Threat researchers have observed a notorious hacking group named ‘DiceyF’ after noting a spike in attacks against online casino websites in Southeast Asia. The attacks were recorded in November 2021, directing the research team to the threat actor group hailing from China with the intent of cyber espionage.
According to a report by Kaspersky, the DiceyF APT group is not targeting online casinos for financial gains but to garner information via an intellectual property theft campaign. American- Japanese cyber security firm Trend Micro also reported the group’s activities, adding that the threat actor aligns with “Operation Earth Berberoka”, pointing to their Chinese origin.
DiceyF APT group targets online casinos
According to the researchers, the threat group uses payload downloaders and remote access modules for deploying keyloggers, clipboard stealers, and malware launchers in victims’ devices and networks. DiceyF APT group uses a linear method for attacking its victims. It uses a framework named the ‘GamePlayerFramework,’ and a ‘PuppetLoader’ malware, written in C# rewrite of C++ language.
The researchers further analyzed a sample 64-bit .NET file from the threat actors who had two main framework branches — “Tifa” and “Yuna.” Both components were developed separately and had different levels of complexity. Once the framework is deployed on the victim’s computer, it connects to a C2 server, allowing the threat actor to receive XOR-encrypted heartbeat packets every 20 seconds, fetching information about the victim’s name, sessions, size of collected logs, date, and time.

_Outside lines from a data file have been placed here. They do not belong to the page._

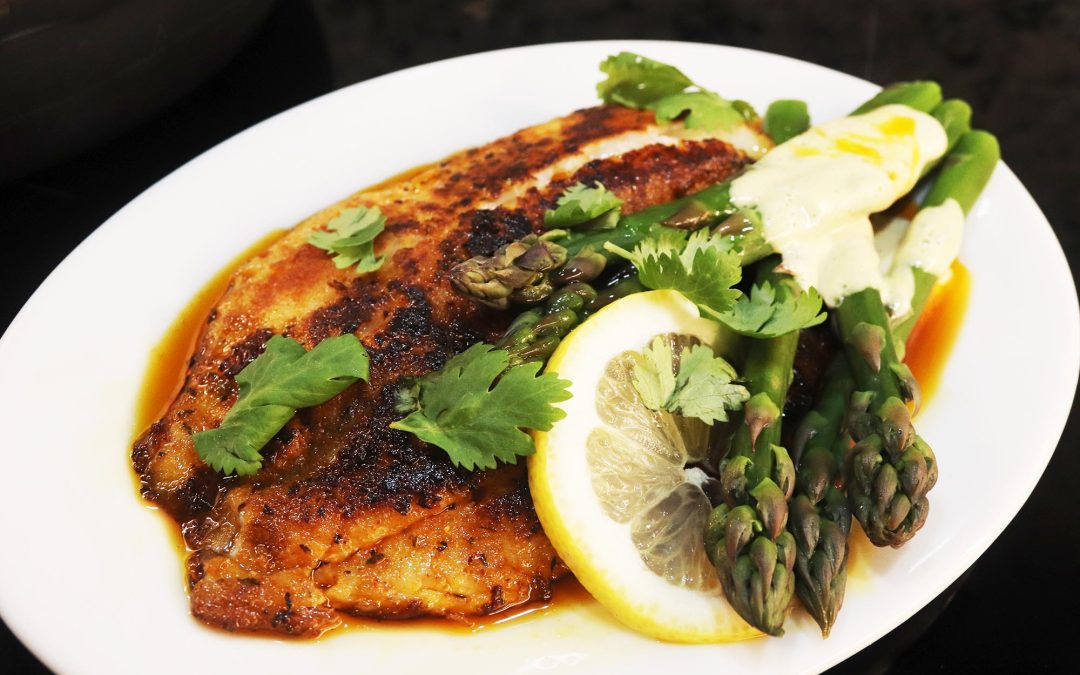 Blackened Tilapia with Spring Asparagus & Lemon‑Mustard Vinaigrette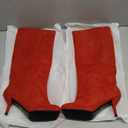 Women's Knee High Suede Boots for Women Wide Calf Square Toe Stiletto Heels Tall Boots Pull On High Heel Long Booties (8, Red)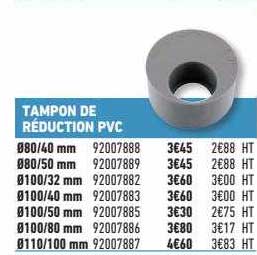 tampon de réduction pvc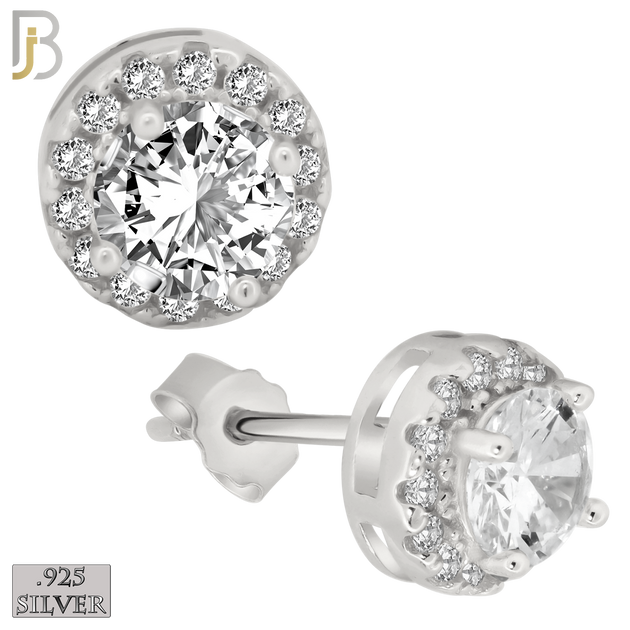 925-ES77 - .925 Sterling Silver Round Design with Multi Zircon Earring Stud image 1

Technical analysis of DiceyF sample malware
The researchers analyzed the malware collected from the DiceyF APT group. The report denoted that C2 could respond with 15 commands and execute an additional command on “cmd.exe,” updating the C2 configuration and downloading a new plugin.

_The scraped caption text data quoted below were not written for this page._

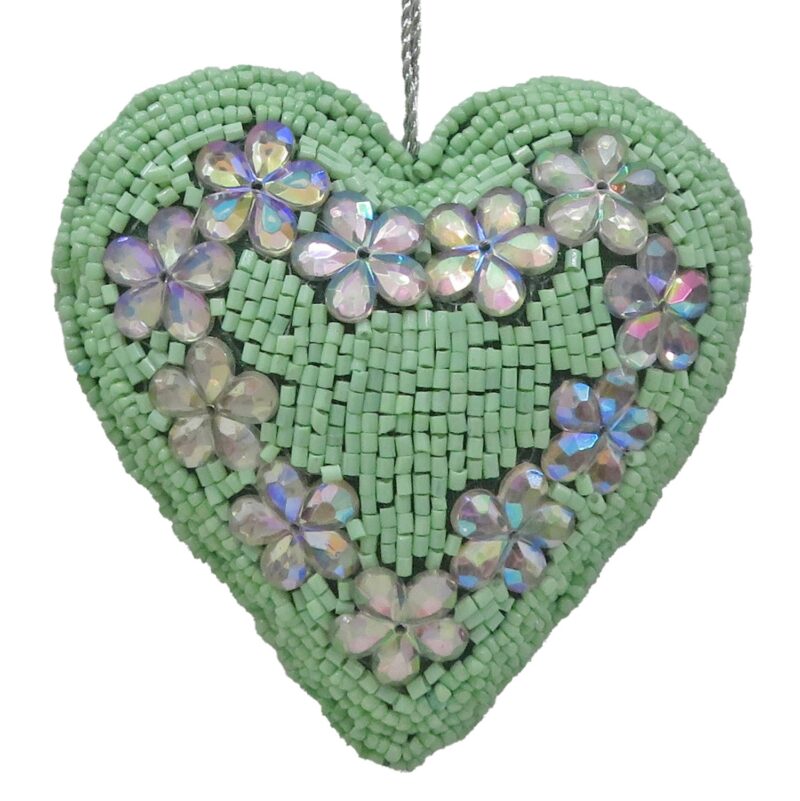 Pastel Green Beaded Heart Orn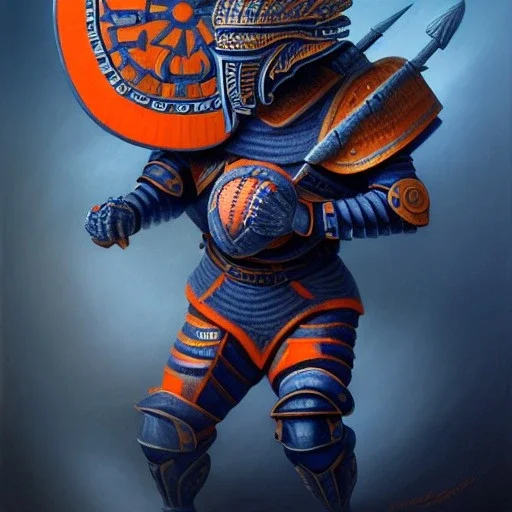 a fierce warrior in full navy blue and orange battle armor, with an S shaped shield, holding a basketball, a highly detailed illustration, background of Inka jungle, realistic render, 8 k, micro detail, intricate, elegant, centered, digital painting, Artstation, smooth, sharp focus, illustration, artgerm, tomasz alen kopera, peter mohrbacher, donato giancola, joseph christian leyendecker, wlop, boris vallejo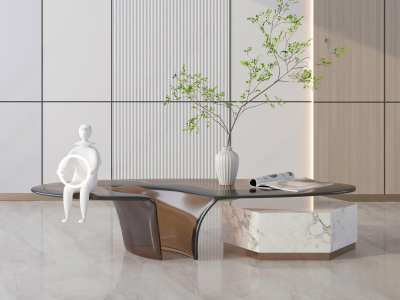 现代茶几3D模型下载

Since the downloaded plugin loads directly into the framework, it evades any detection. Once loaded, the malware can steal cookies from web browsers, snatch clipboard content, run virtual desktop sessions, take screenshots, and more.
Additionally, the researchers found that DiceyF was employing a GUI application that imitates a Mango Employee Data Synchronizer and drops Yuna downloaders inside the company’s network. The employees of online casinos receive the fake Mango app as an installer for a security app, most likely from threat actors using phishing emails.
To give the victim the impression that the app is authentic, it employs social engineering techniques like showing the floor where the target organization’s IT department is located. The program exfiltrated data from the OS, the system, the network, and the Mango messenger by connecting to the same C2 infrastructure as the GamePlayerFramework.
DiceyF has proven to be exceptionally sophisticated in its ability to modify its tools to the peculiarities of each victim, evolving its codebase during the incursion. While not as complex or successful as actual supply chain breaches, these attacks can nonetheless be challenging to identify and thwart, primarily when they target several individuals in a company.